Eu vou fazer de você
A ponte erguida pro outro lado da vida
Eu vou fazer de você
Clareira aberta na selva suja da rua
Eu não nasci pra viver mentindo
Sorrir em troca e morrer fugindo

PODE VIR QUENTE QUE EU ESTOU FERVENDO

Aqui vem a primeira referente a Jovem Guarda, essa entra não só pela genialidade da letra que cativou até Caetano Veloso – principalmente pela frase “meu coração é do tamanho de um trem” -, mas pela vitamínica melodia, bem latina, ao contrário dos sons naturalmente provindos do rock americano que ele fazia versões na época.

Claro que o “iêiêiê” dos Beatles está intrínseco nesse rockzão, mas há uma brasilidade que certamente influenciou bandas que vieram depois como Barão Vermelho e Skank que gostavam dessa mistura que ganha movimento e swing.

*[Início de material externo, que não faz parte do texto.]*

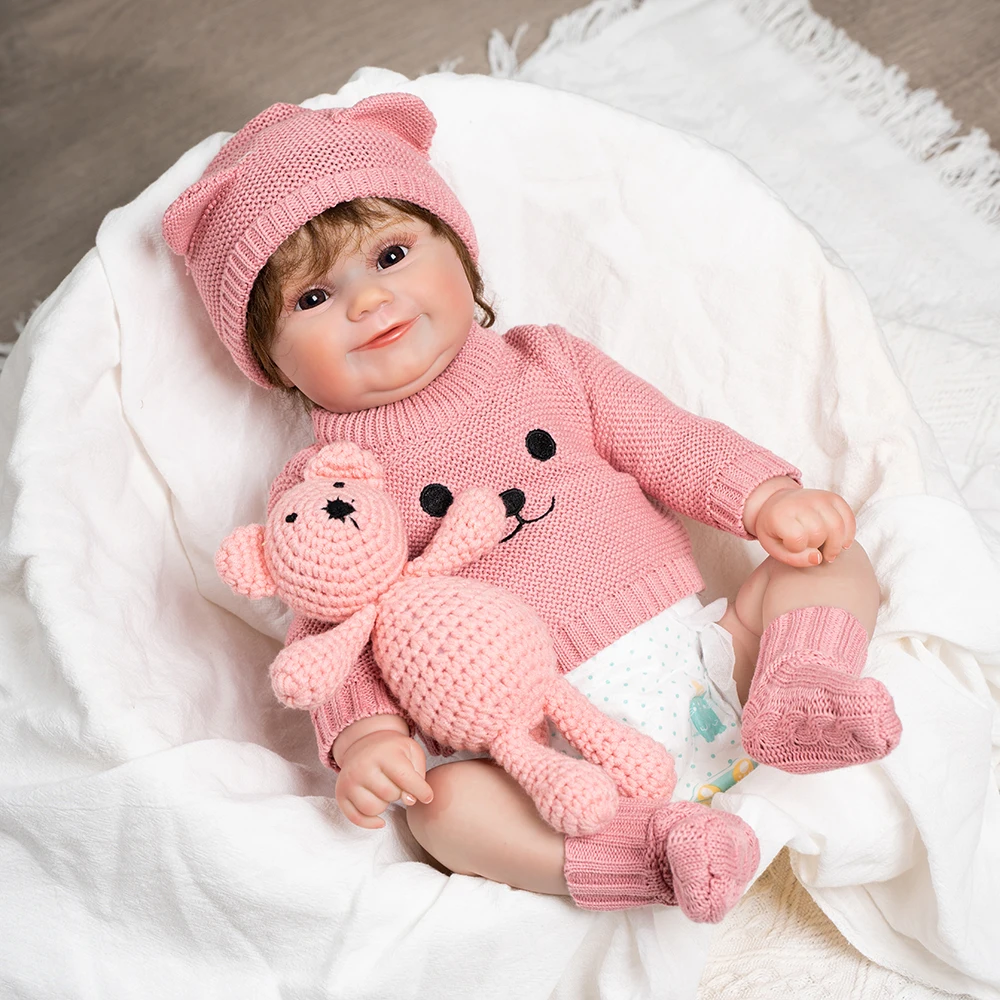 45CM Full Body Vinyl Waterproof Reborn Maddie Doll Hand-Detailed Painting with Visible Veins Lifelike 3D Skin Tone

Pode tirar seu time de campo
O meu coração é do tamanho de um trem
Iguais a você, eu apanhei mais de cem
Pode vir quente que eu estou fervendo!

MINHA FAMA DE MAU

Pra finalizar, é impossível não trazer essa. Uma música autobiográfica como muitas das que estão aqui presente, mas essa em específico é como se fosse uma carta de apresentação e a primeira que fez a o Tremendão decolar, por isso é tão importante. Fez um gigante rebelde ser apresentado sem muito de gentil, pelo menos em suas performances no palco.

A letra é um desafio, que veste o eu-lírico com a carapuça de cafajeste trazendo uma confiança que não se via até então nem nas canções de seu parceiro que também é Carlos. Ela tem um ritmo que para você acompanhar não pode ser com palmas, tem que ser com aquele gesto mais conhecido como “chamar pra porrada” onde um punho fechado bate na palma da outra mão, algo que o Roger Daltrey mencionou ser a forma correta de acompanhar as músicas do The Who. Mas claro que além disso, tem que balançar a cabeça e aproveitar cada momento. Ela lembra bastante a melodia de músicas da Motown, em específico uma dos The Temptations chamada Get Ready.

Ela é tão importante que seu título foi escolhido para nomear o filme biográfico que conta sua história. Ele já fez várias versões pra obra, inclusive uma com a Rita Lee em 1980 e uma com Chay Suede que o interpretou no filme, mas nada como a original.

Meu bem chora, chora e diz que vai embora
Exige que eu lhe peça desculpas sem demora
E digo não, por favor, não insista e faça a pista
Não quero torturar meu coração
Perdão à namorada é uma coisa normal
Mas é que eu tenho que manter a minha fama de mau

Vida longa ao Tremendo Gigante Gentil!